TASK DIRECTIONS. Each line in the material below, starting at the one with "revista cutezatorii 10" and ending at the one with "Red Dot Delta Minidot HD 24 (2 MOA)", is to be reproduced exactly; no picture is to be copied.

DATA SECTION.

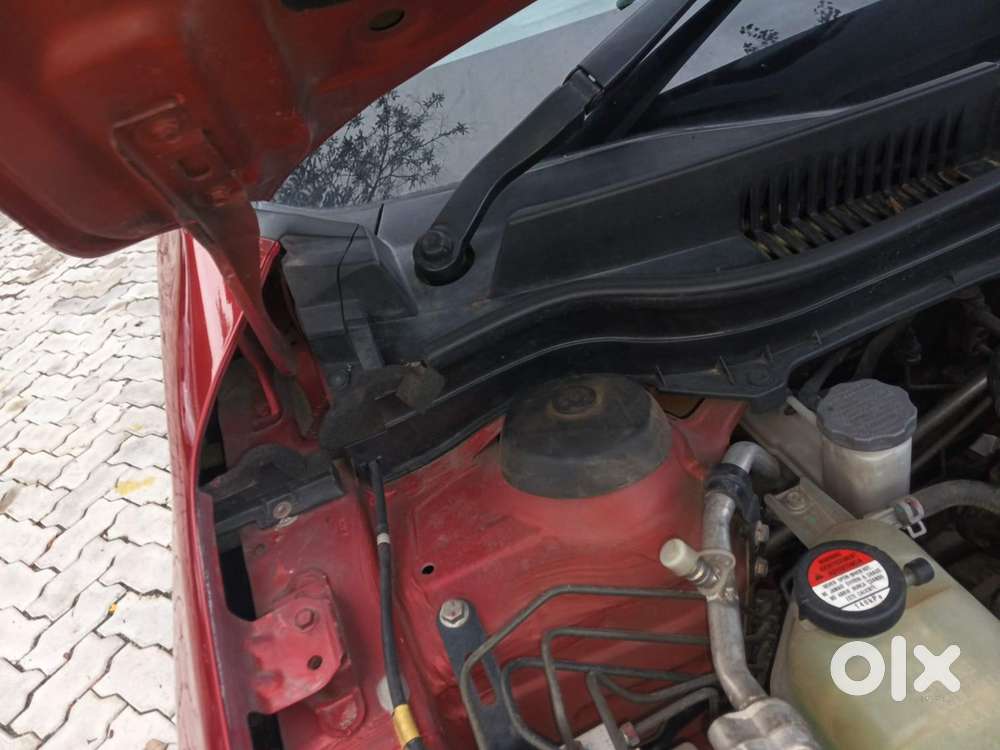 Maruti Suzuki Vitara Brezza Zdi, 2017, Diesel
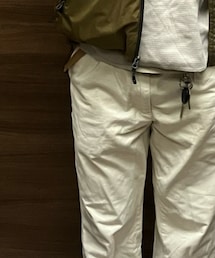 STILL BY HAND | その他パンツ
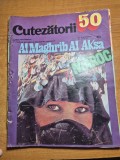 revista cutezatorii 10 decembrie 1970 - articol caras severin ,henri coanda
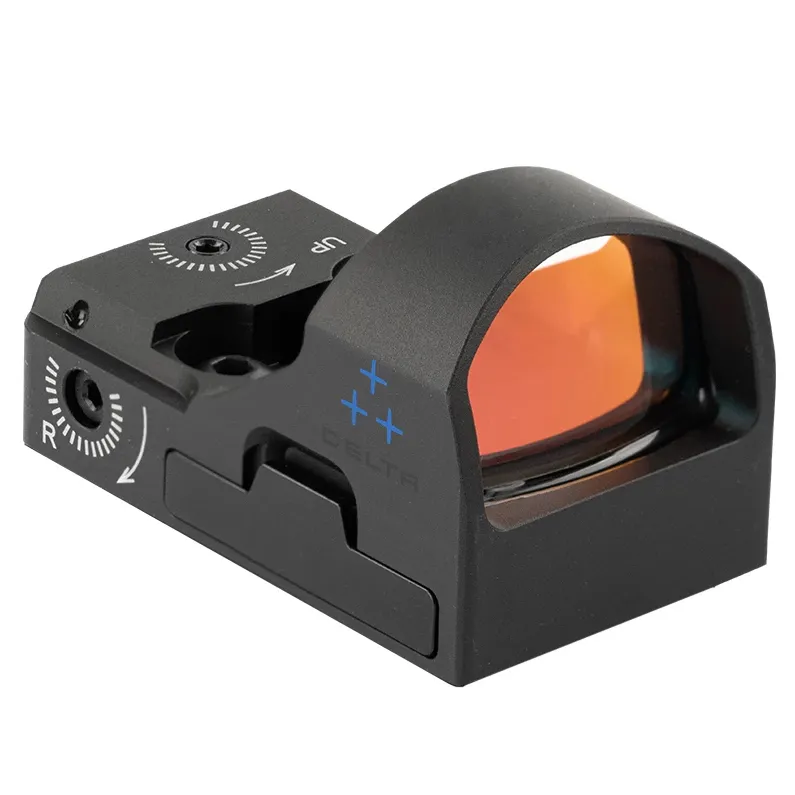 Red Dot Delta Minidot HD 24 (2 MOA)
* * *
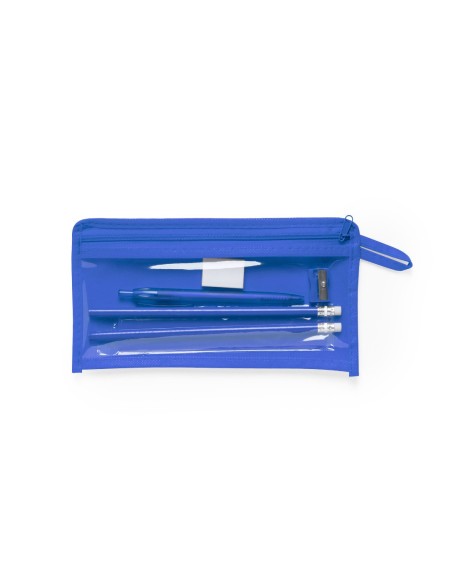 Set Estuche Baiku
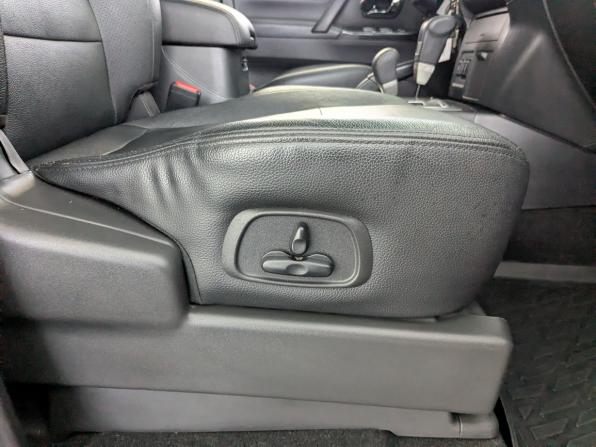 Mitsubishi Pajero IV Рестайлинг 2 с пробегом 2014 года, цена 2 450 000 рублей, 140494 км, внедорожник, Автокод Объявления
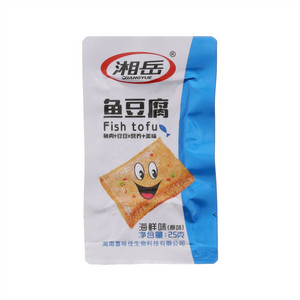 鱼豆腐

RESULT OF THE EXERCISE.
 revista cutezatorii 10 decembrie 1970 - articol caras severin ,henri coanda
 Red Dot Delta Minidot HD 24 (2 MOA)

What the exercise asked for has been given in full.